**WARNING**: Changes in the structure of the python package of EsMeCaTa.
If you have been importing the package in Python, you will need to modify your import.
Add
* New command `esmecata_report` to create a report from the output folder of EsMeCaTa. Scripts of `esmecata_report` allow to create `html`, `pdf` and `tsv` reports from EsMeCaTa (work of Mataivic and PaulineGHG). This command has several subcommands:
* (1) `create_report` to create a report from the output folder of the `esmecata workflow` subcommand (only way to have the complete HTML report).
* (2) `create_report_proteomes` to create report files from output of `esmecata proteomes` subcommand.
* (3) `create_report_clustering` to create report files from output of `esmecata clustering` subcommand.
* (4) `create_report_annotation` to create report files from output of `esmecata annotation` subcommand.
* New command `esmecata_gseapy` to create enrichment analysis of functions predicted by EsMeCaTa according to taxon rank.
* New optional dependencies required for `esmecata_report`: [datapane](https://github.com/datapane/datapane), [plotly](https://github.com/plotly/plotly.py), [kaleido](https://github.com/plotly/Kaleido), [ontosunburst](https://github.com/AuReMe/Ontology_sunburst). As `datapane` is no more maintained, an alternative with [panel](https://github.com/holoviz/panel) is currently developed.
* New optional dependencies required for `esmecata_gseapy`: [gseapy](https://github.com/zqfang/GSEApy) and [orsum](https://github.com/ozanozisik/orsum).
* New file indicating the EC numbers and GO Terms for the different observation name of the dataset (file `function_table.tsv`).
* New subcommand `esmecata precomputed`. This subcommand uses a precomputed database to make predictions from the input file (using EsMeCaTa default parameters). It has been added to avoid creating the same prediction every run and to have a fast way to make predictions with EsMeCaTa. It is necessary to download the precompiled database before using it. At the moment of this release, the database is not available, these scripts are present for testing purposes.
* Prototype for precomputed database creation: several scripts are added in `esmecata/precomputed` folder to create the input and the precomputed database.
* Check that the proteome files are not completely empty, which could cause problems with mmseqs2.
* Tests for precomputed database, report creation, database creation and eggnog annotation. Add mock on sevral functions to perform the test. Required `pytest-mock`.
* Add readme in test folder.
Fix
* Issue in proteomes SPARQL query (missing `PREFIX`).
Modify
* Modification of the structure of the EsMeCaTa package, now divided into 4 main folders: (1) `esmecata/core` (for the script previously contained in the EsMeCaTa folder) and used for the workflow, (2) `esmecata/report` to generate a report from the esmecata output folder, (3) `esmecata/gseapy` to perform enrichment analysis on the esmecata output, and (4) `esmecata/precomputed` to create precomputed database (in development).
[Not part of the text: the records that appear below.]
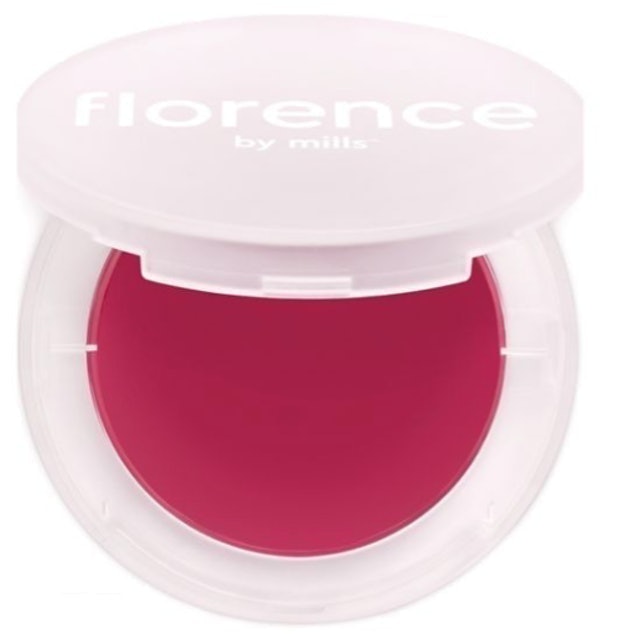 10 Best Cream Blushers 2024 | UK Makeup Artist Reviewed 3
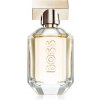 Hugo Boss BOSS The Scent for Her parfumovaná voda pre ženy 50 ml Hugo Boss BOSS The Scent for Her parfumovaná voda pre ženy 50 ml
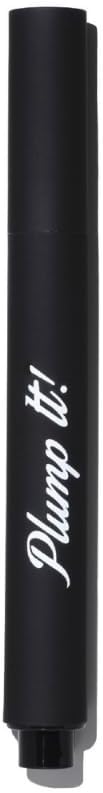 Plump It! | Hyaluronic Lip Plumper Lips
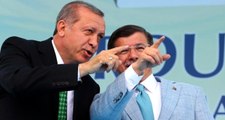 Eski Başbakan Davutoğlu'nun Başdanışmanı Mahçupyan, AK Parti'ye Oy Vermeyeceğini Söyledi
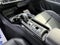 2024 Toyota Prius XLE AWD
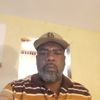 william_curry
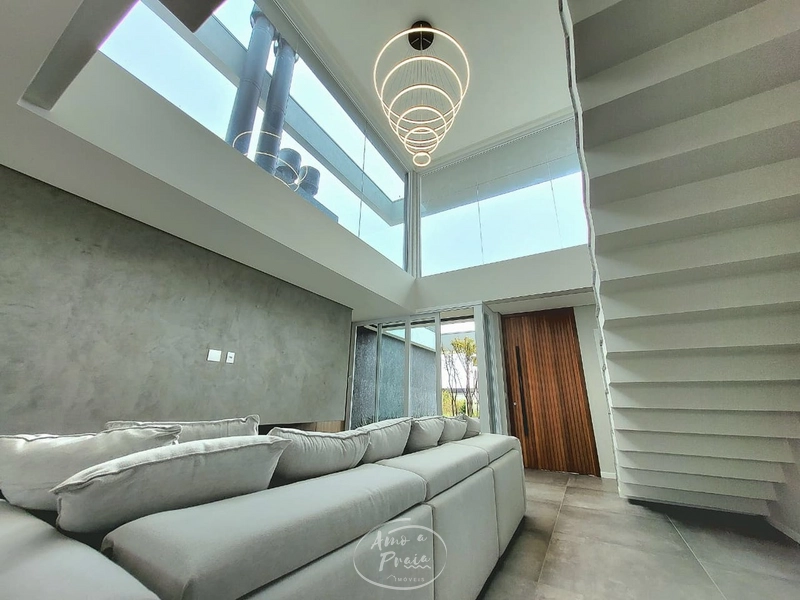 SOBRADO A VENDA NO SUNSET: 12ª foto da galeria de imagens do imóvel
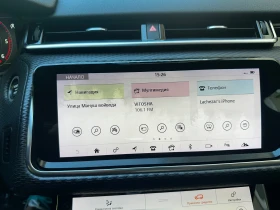 Land Rover Range Rover Velar R DINAMIK, снимка 11
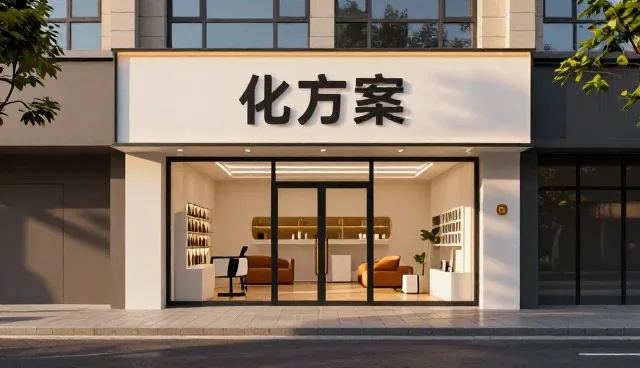 高效数据同步实践：优化使用与维护技巧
* Change the name of intermediary files in `clustering` and `annotation` to avoid issues with ambiguous taxon names.
* Modify test according to changes of packaging structure.
* Modify the behaviour of annotation by eggnog-mapper. Now it merges protein sequences from clustering into bigger files (associated with superkingdom). This increases the performance of eggnog-mapper. Modification made with megyl. Use `--tax_scope` with eggnog-mapper.
* Update article_data folder.
* Update CI tests of github workflow according to the new tests and the new dependencies.
Remove
* Remove `esmecata analysis` subcommand as it was not used and not very useful.